* [WORK ORDER] Reproduce exactly the line that includes "HTC Mobiles P3470" and all lines after it, ending with the last line of the data.

* [PROVIDED MATERIAL]
——

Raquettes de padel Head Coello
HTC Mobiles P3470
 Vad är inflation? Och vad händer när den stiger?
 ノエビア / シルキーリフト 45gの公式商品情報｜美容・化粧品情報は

——

* [ANSWER SPACE]
HTC Mobiles P3470
 Vad är inflation? Och vad händer när den stiger?
 ノエビア / シルキーリフト 45gの公式商品情報｜美容・化粧品情報は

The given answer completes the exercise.